Congestion pricing was projected to provide about $15 billion of the MTA’s current $54.8 billion 2020-2024 capital program. Implementation delays have pushed back much-needed projects, with $9 billion in 2024 work currently at risk.

Given the MTA’s repair needs, its plans for resilience efforts, and its expansion projects, it is likely that the program will be at least the size of the previous program.

If other dedicated capital revenue sources are not available, there could be at least a $25-billion funding gap in the next capital program, which would create pressure to increase debt and impact the operating budget. Without additional money from better-than-anticipated tax and fare revenues or added savings from cost efficiencies, the MTA would eventually have to raise fares or tolls or cut service to cover such a gap, which would negatively affect riders’ experience.

Debt and Borrowing

Long-term debt outstanding issued by the MTA and supported by its operating budget more than doubled from 2000 to 2010, from $11.4 billion in 2000 to $29 billion in 2010, as the MTA funded a significant portion of its capital programs with bonds. The pace of growth slowed to 22% from 2010 to 2019, to reach $35.4 billion, as state and federal support rose from the decade prior. Since 2019, however, debt has risen to accommodate increased capital spending, reaching $40.4 billion in long-term debt paid from the operating budget in 2023, a 14% increase, the State Comptroller reported.

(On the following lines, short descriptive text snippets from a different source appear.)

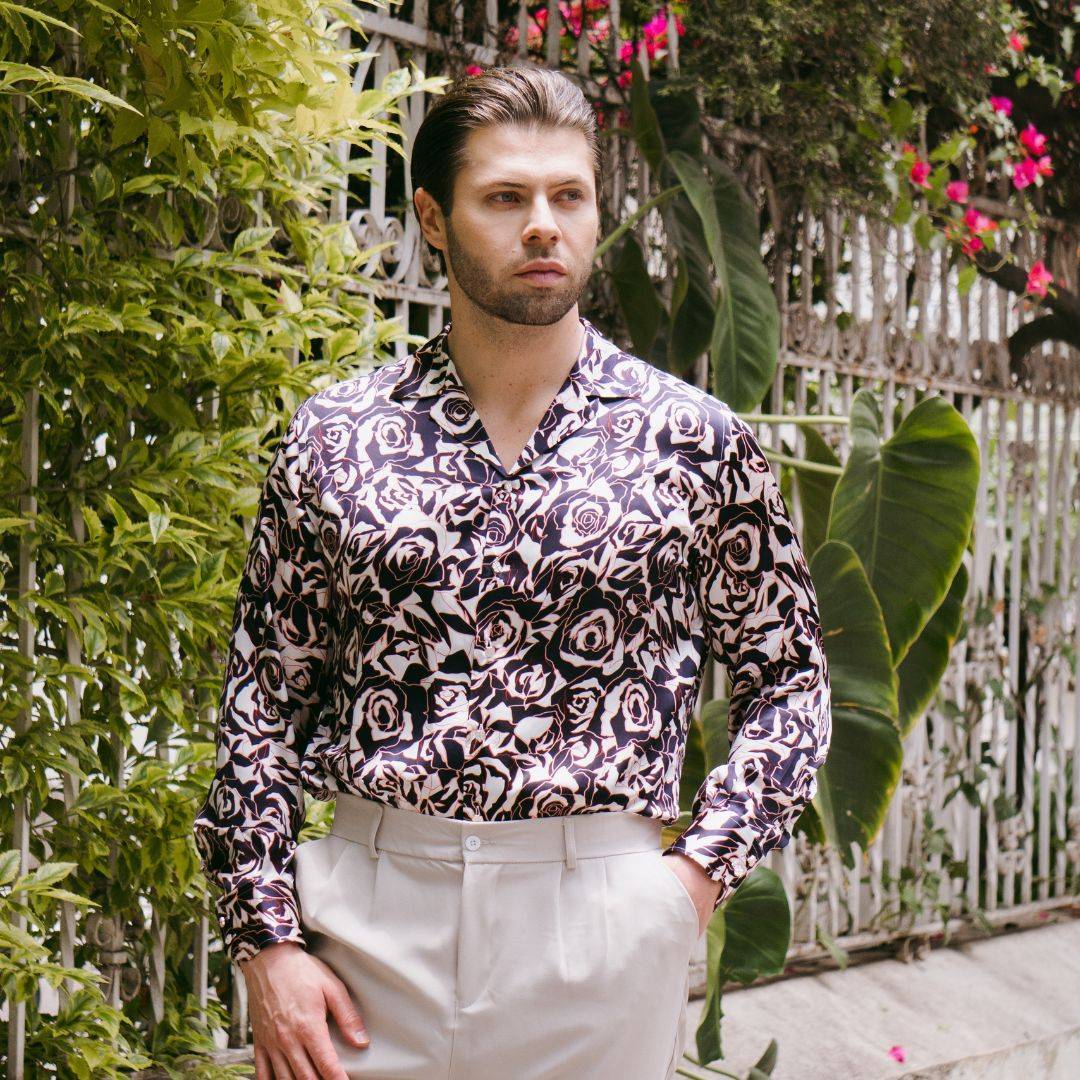 model standing outside wearing white high rise pants and a long sleeve navy floral silk shirt from 1000 kingdoms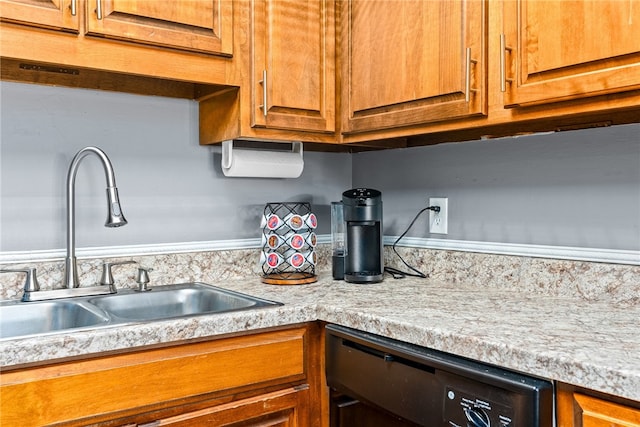427 Harper Ave Unit 16, Auburn, AL 36830 - kitchen featuring dishwasher, light countertops, and brown cabinetry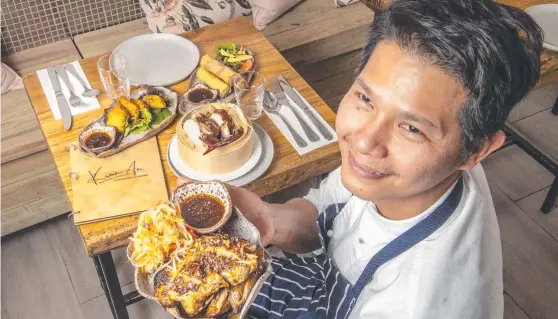  ?? Picture: Nev Madsen. ?? ASIAN BLEND: Chef Raphael John De Paula with his food from the newly establishe­d Karan-An restaurant in Margaret St.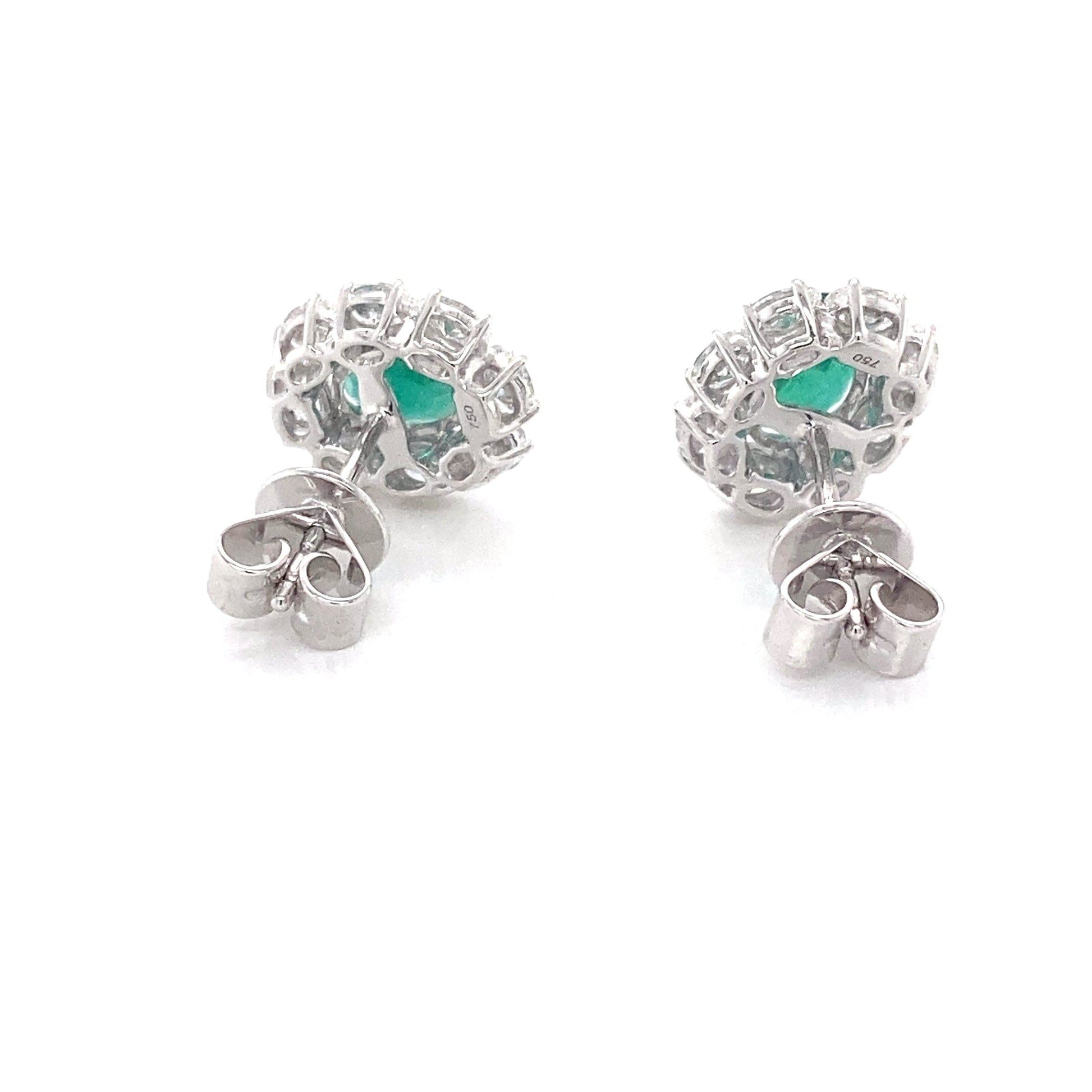 Oval shaped emerald and oval diamonds cluster style earrings Gardiner Brothers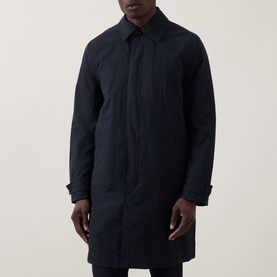Model wearing Paul Smith Navy Showerproof Car Coat with concealed button front, point collar, and tabbed cuffs, longline fit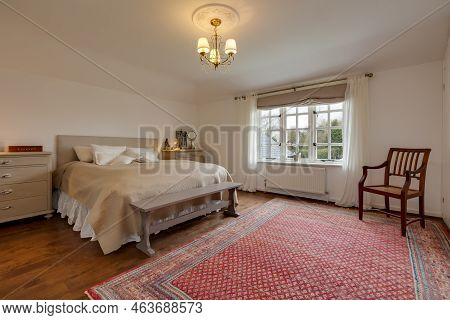 Stradishall, England - March 21 2016: Traditional Styled Furnished Bedroom Interior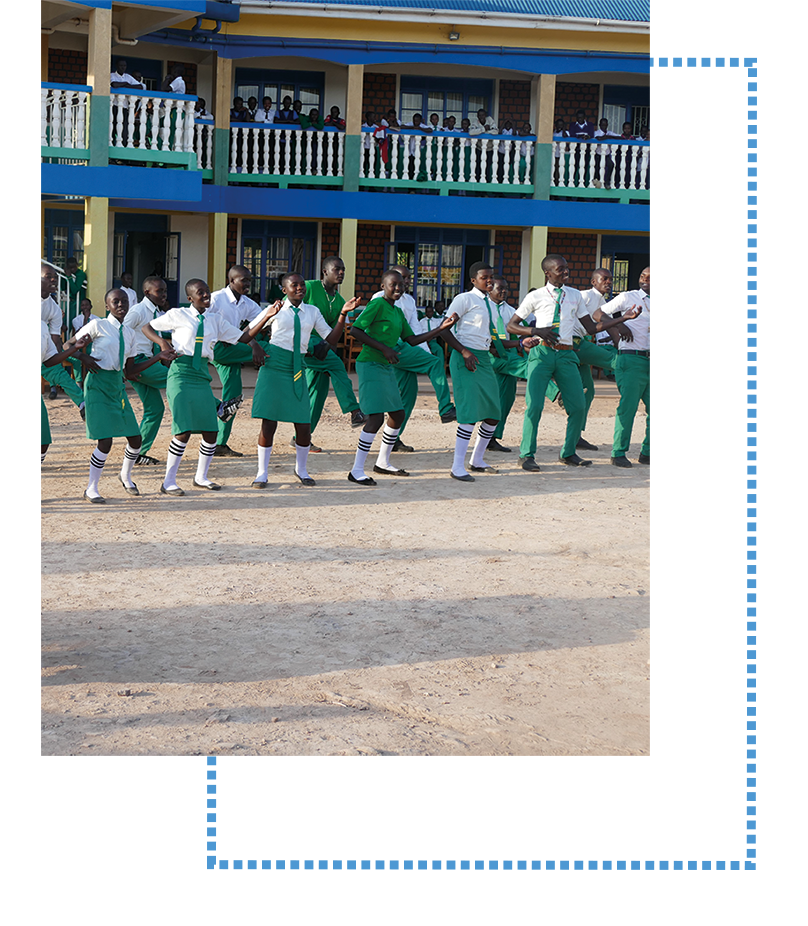 Die Schüler tanzen vor dem Schulgebäude.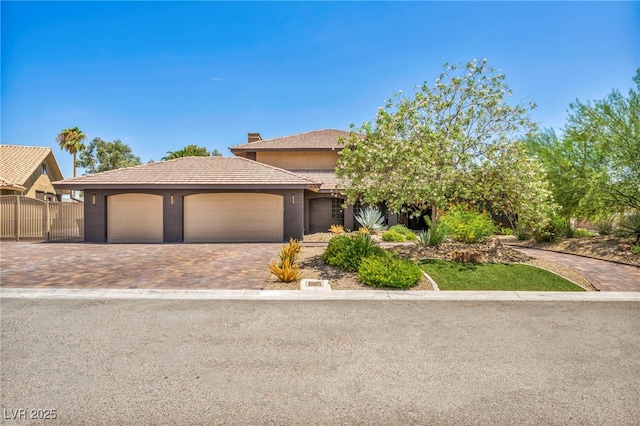 view of front of home with a tiled roof, an attached garage, driveway, and fence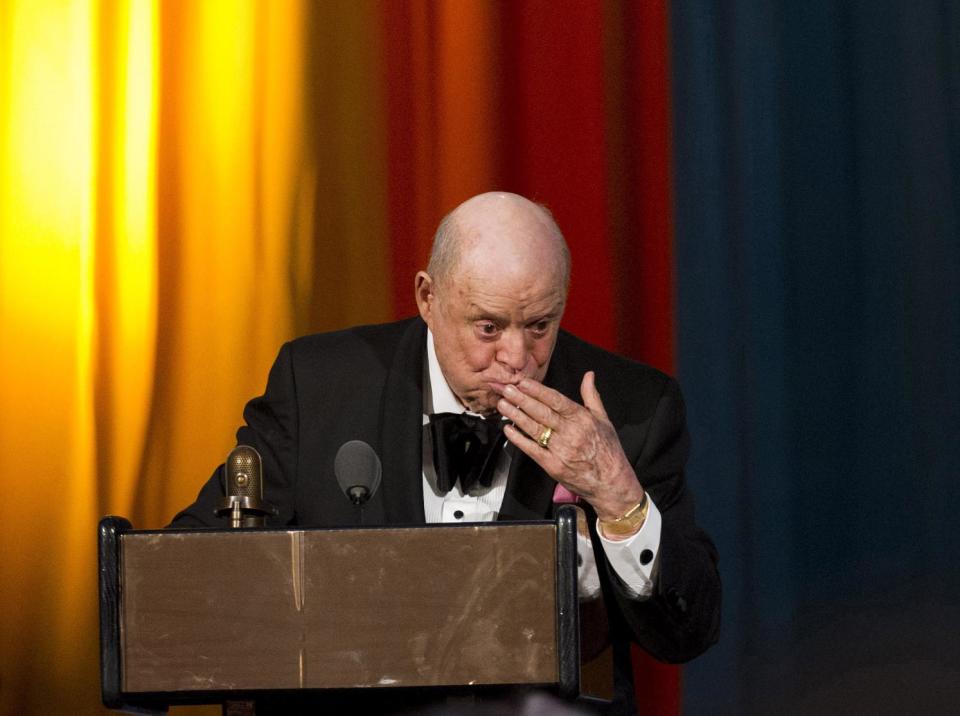 In this April 28, 2012 photo, comedic legend Don Rickles gestures onstage at The 2012 Comedy Awards in New York. The Comedy Awards will air on Sunday, May 6 at 9:00 p.m. EST on Comedy Central. (AP Photo/Charles Sykes)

The MTA’s total outstanding debt is expected to rise from $42.4 billion in 2023 to $59.9 billion in 2028. A small but growing portion of this is funded outside of the operating budget (known as capital lockbox debt and funded primarily by future congestion pricing revenues), which is projected to make up 5% of debt in 2023 and 32% in 2028.

Debt service, which is the amount the MTA spends to pay down debt each year (including for lockbox debt), is projected to reach $5 billion by 2031, an 83% increase over 2023’s $2.3 billion. Historically, about 16% of MTA’s annual revenue is spent on debt.